On 2024-09-25 00:46, Fujii Masao wrote:
Thanks for the comments!

On 2024/09/24 20:08, torikoshia wrote:
Thanks for the explanation and suggestion.
Since there is almost the same code in copyfrom.c, attached 0003 patch for refactoring both.

Thanks for updating the patches!

Regarding 0002.patch, I think it’s better to include the refactored code
from the start rather than adding redundant code intentionally.
How about leaving just the refactor in copyfrom.c to 0003.patch?
If that works, as a refactoring, you could also replace "skipped" with
"cstate->num_errors" in that patch, as you suggested earlier.

Agreed.

While reviewing again, I noticed that running ANALYZE on a file_fdw
foreign table also calls NextCopyFrom(), but it doesn’t seem to
skip erroneous rows when on_error is set to "ignore." This could lead
to inaccurate statistics. Shouldn’t ANALYZE on file_fdw foreign tables
with on_error=ignore also skip erroneous rows?
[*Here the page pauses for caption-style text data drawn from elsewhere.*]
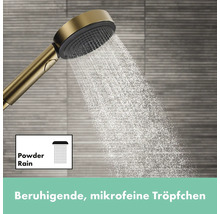 Duschsäule inkl. Thermostat hansgrohe Pulsify S 260 2jet EcoSmart bronze gebürstet 24241140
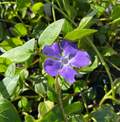 Vinca minor - Pervenche à petite fleurs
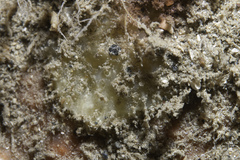 Paratimea loennbergi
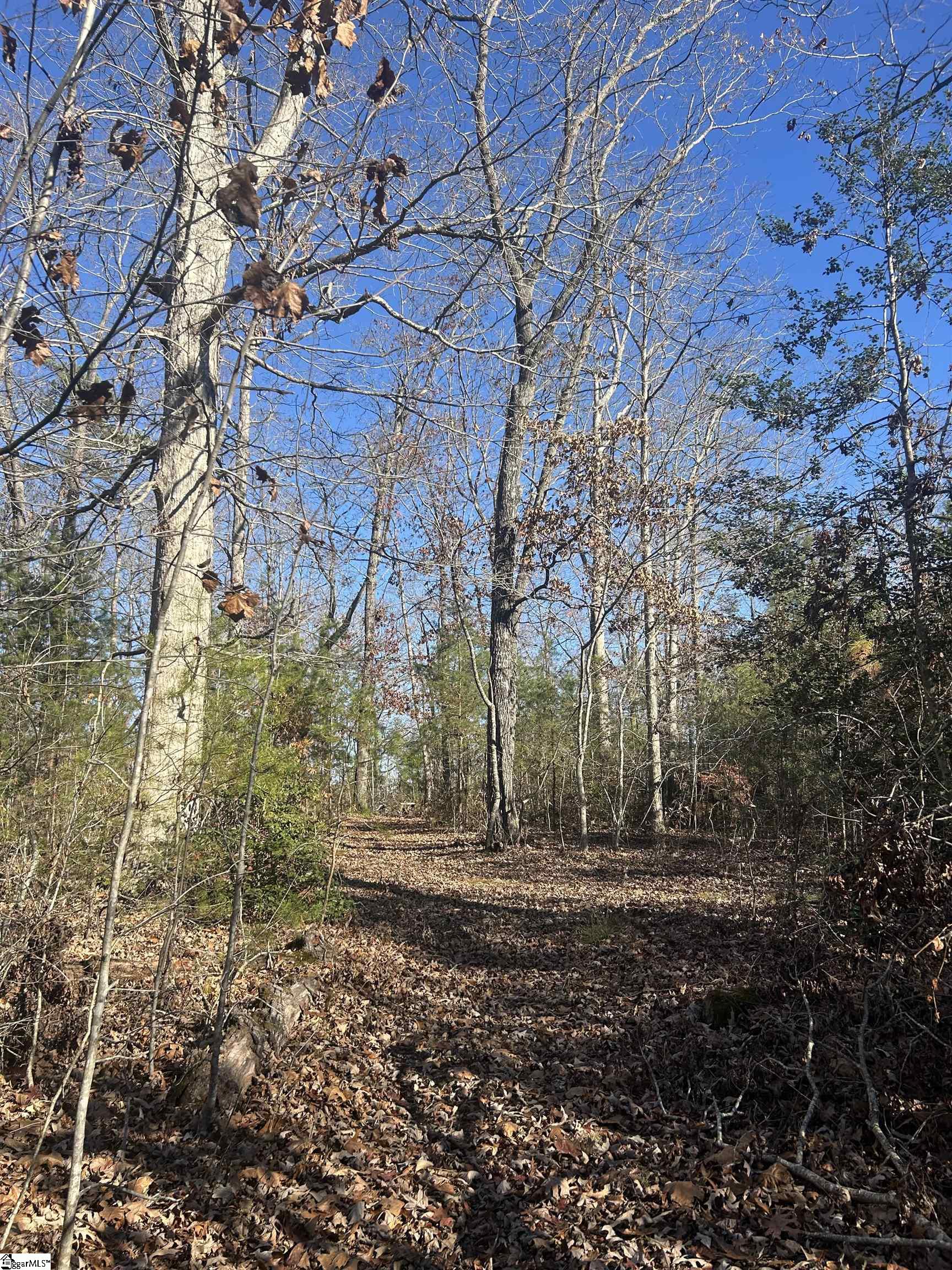 609 North Fishtrap Road Easley, SC 29640 - Photo 5 of 5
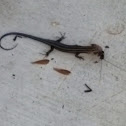 Five-lined skink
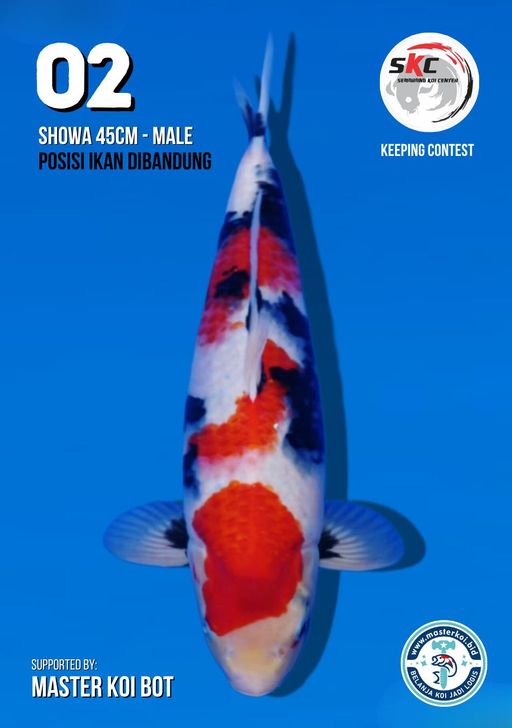 Lelang Koi Online, Jual Beli Ikan Koi, Pusat Jual Beli Koi, Info Lelang Koi Hari Ini, Platform Jual Beli Koi, Jual Beli Ikan Koi Online, Marketplace Ikan Koi, Jual Koi Terbaik, Tempat Beli Koi Berkualitas, Pasar Ikan Koi Online Terpercaya, Penjual Ikan Koi Terpercaya, Beli Koi Hias Online, Ikan Koi untuk Dijual, Koi Kualitas Terbaik, Toko Online Ikan Koi, Koi Hias Untuk Dijual, Jual Beli Ikan Koi Lokal, Koi Indonesia Online, Pusat Jual Beli Koi Terbesar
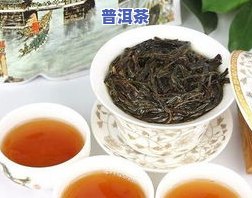 菊花普洱茶好喝吗？详解其冲泡方法与功效作用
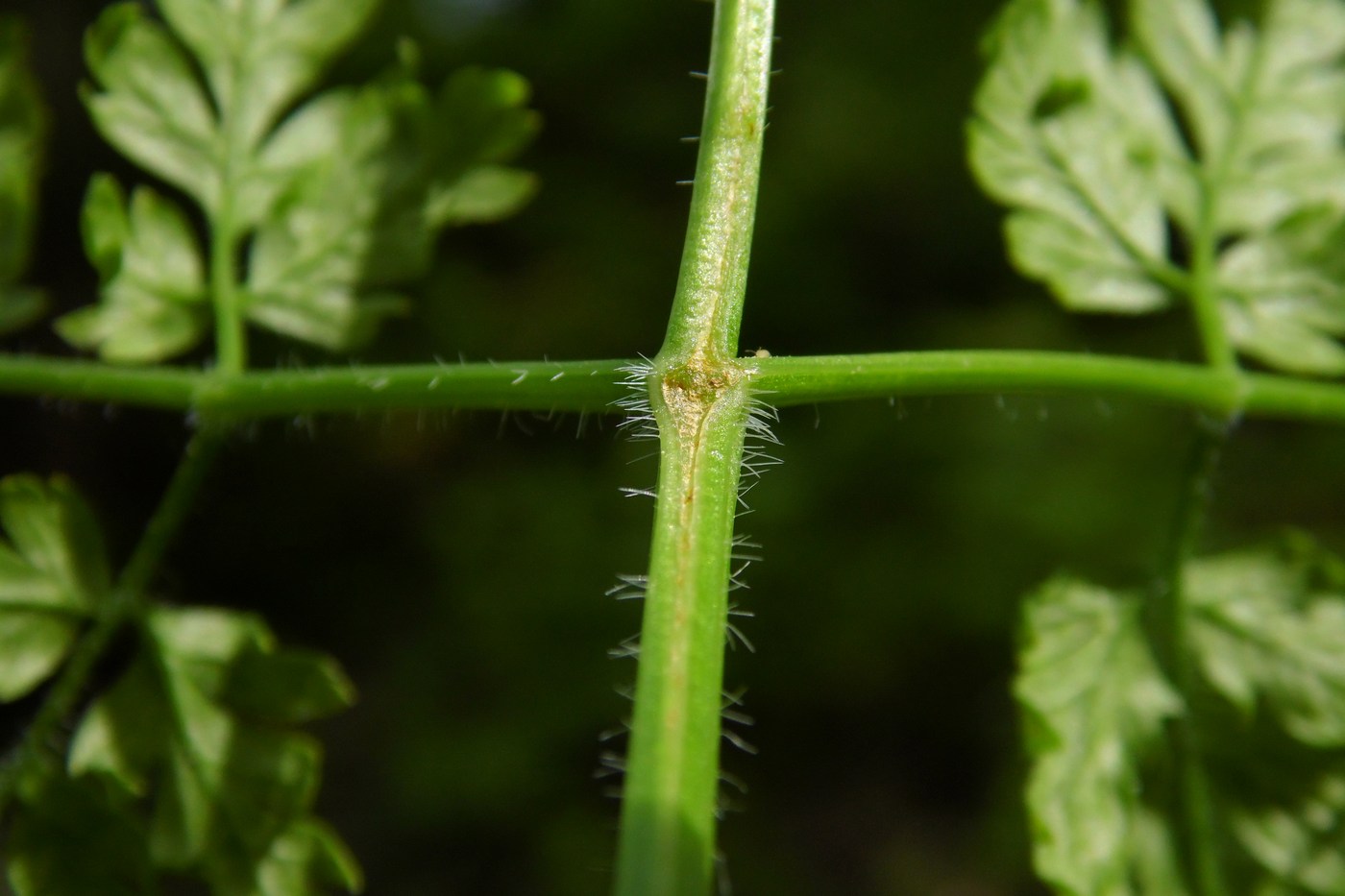 Изображение особи Anthriscus sylvestris.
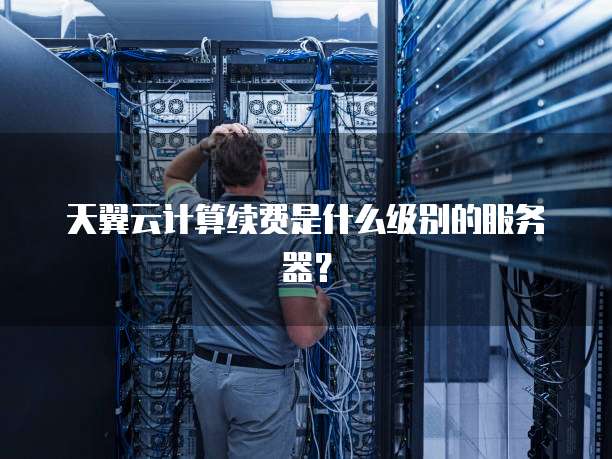 天翼云计算续费是什么级别的服务器?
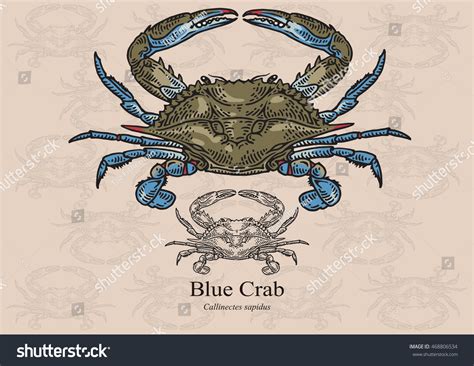 Blue Crab Vector Illustration Refined Details Stock Vector (Royalty ...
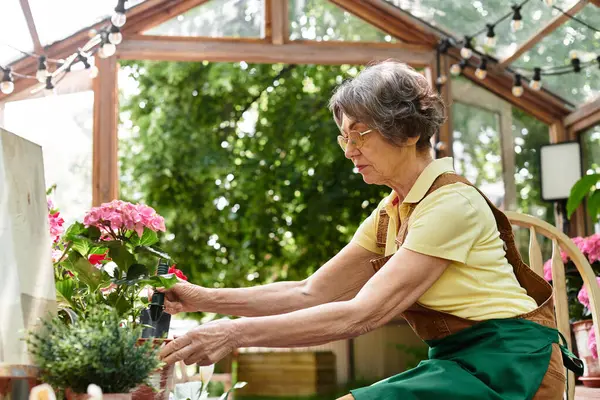 A lovely senior woman tends to her vibrant plants in a serene greenhouse filled with greenery. — стоковое фото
Thanks, it seems the right thing to do.

The tab-completion needs to be updated to support the "silent" option?

Yes, updated 0002 patch.

Thanks! Also, this should be part of 0001.patch since "silent" is
introduced there, right?

Agreed.

Updated the patches.

--
Regards,

--
Atsushi Torikoshi
NTT DATA Group Corporation
From 494447fcf99abab141c27e35171dc6d63f64c994 Mon Sep 17 00:00:00 2001
From: Atsushi Torikoshi <torikos...@oss.nttdata.com>
Date: Wed, 25 Sep 2024 21:28:15 +0900
Subject: [PATCH v5 1/3] Add log_verbosity to 'silent'

Currently when on_error is set to ignore, COPY logs a NOTICE message
containing the ignored row count.
When using on_error option to file_fdw, it'd be better to omit this
message in some cases, such as frequent access to a malformed file
via the same foreign table.
As a preliminary step to add on_error option to file_fdw, this patch
adds new value 'silent' to log_verbosity and enables to silence
the message.
---
 doc/src/sgml/ref/copy.sgml          | 10 +++++++---
 src/backend/commands/copy.c         |  4 +++-
 src/backend/commands/copyfrom.c     |  3 ++-
 src/bin/psql/tab-complete.c         |  2 +-
 src/include/commands/copy.h         |  6 ++++--
 src/test/regress/expected/copy2.out |  4 +++-
 src/test/regress/sql/copy2.sql      |  4 ++++
 7 files changed, 24 insertions(+), 9 deletions(-)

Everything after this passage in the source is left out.